The ex-VP conducted an intrusion into his former employer’s package shipping system & delayed PPE essential to healthcare workers.
The former VP of a healthcare company was sentenced last week, 6 months after he was charged with sabotaging electronic shipping records, something that ultimately wound up delaying shipments of the company’s personal protective equipment (PPE) in a pandemic.
Georgia DA’s Office
The US Attorney’s Office for the Northern District of Georgia announced in April that the ex-employee, Christopher Dobbins, had been charged after reportedly using a secret account to access his former company’s computer system. It was not until last Tues. that he was sentenced for his – 1 year & 1 day & asked to pay a $221,200 restitution charge.
Dobbins previously pleaded guilty in July to a charge of ‘reckless damage to a protected computer.’
While the DOJ did not name this healthcare company, Dobbins was originally the VP for Georgia-based Stradis Healthcare, LLC, a company that manufactures surgical packs & medical kits for acute care & large multi-practice facilities.
Stradis, for its part, confirmed in April that it was working with the FBI on the case & that employees & the assembly line had been working at full capacity during the man’s criminal activity. While the intrusion reportedly led to delays, the shipping of those key supplies eventually returned to full strength.
Explained US Attorney Byung J. “BJay” Pak, Dobbins lost his job in March, & subsequently lost his access to the company’s shipping information.
He received his final pay-check on Mar. 26 & while ordinarily that would mark the end of his dealings with his now ex-employer, 3 days later he used a fake user account he set up to login to the company’s computer systems, only to create another fake account.
With that fake account he edited & deleted shipping records – he edited 115,581 records & deleted 2,371 records in total before deactivating both fake accounts & logging out, according to the DOJ.

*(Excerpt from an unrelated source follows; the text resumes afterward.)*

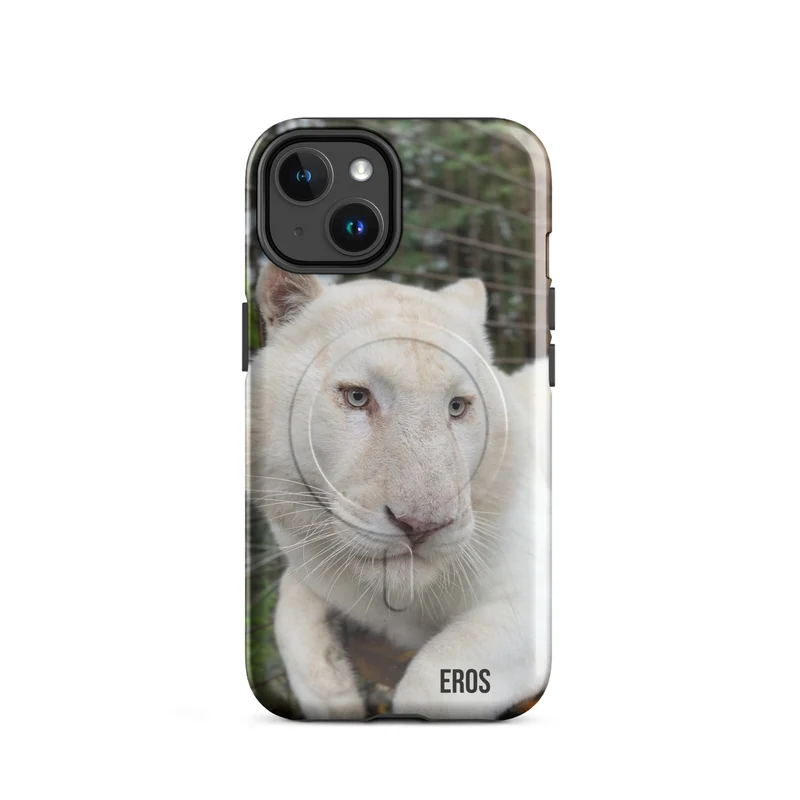 Coque Eros solide pour iPhone® avec MagSafe®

Dobbins’ actions threw the company’s shipping processes into disarray, delaying PPE to healthcare providers that was obviously much needed. For context, Dobbins logged into his company’s systems & disrupted supplies Mar. 29, nearly 3 weeks after Mar. 11, when the World Health Organization (WHO) declared the novel Coronavirus (COVID-19) outbreak a global pandemic.

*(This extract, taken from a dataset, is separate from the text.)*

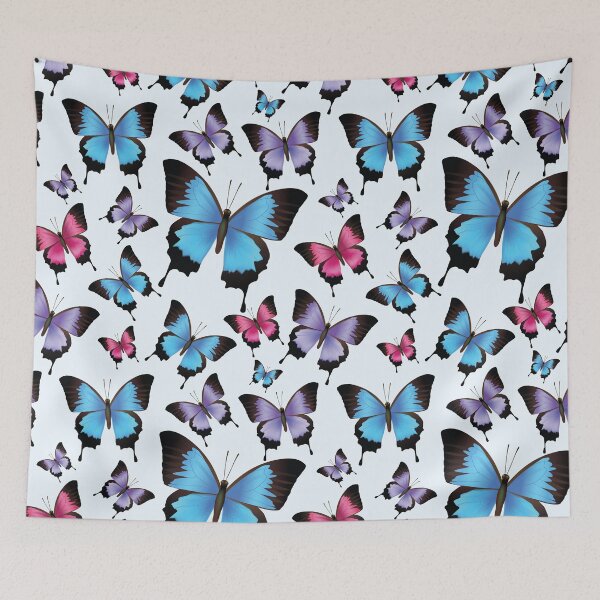 Item preview, Butterfly Pattern designed and sold by EVERTEESLOVER.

While the company would usually be able to deliver PPE on the same day, Dobbins’ sabotage caused delays of 24 to 72 hours, says the Associated Press.
“As businesses worked to get PPE into the hands of those most in need of it, Dobbins chose to hack his former employer & maliciously interrupt that process,” Pak told the AP last week. “His actions caused delays in the delivery of desperately needed equipment in the midst of a worldwide pandemic.”
The case is similar to another case, from last week, involving an IT administrator who was ‘let go’ & used a “superuser” admin account afterwards to access company data.
In that instance, which involved the now defunct department store Century 21, the employee reportedly stole employee data from the company, & tampered with its holiday payroll policy.
Although some companies rely on a 3rd-party portal to facilitate shipping. It appears Stradis uses an ‘in-house portal’, & the DOJ says Dobbins “logged in to the company’s computer systems” to disrupt the company’s shipping processes.
It is unclear if the company relied on any solutions to monitor employee activity or data manipulation, & if such technologies could have minimised the results of Dobbins’ sabotage.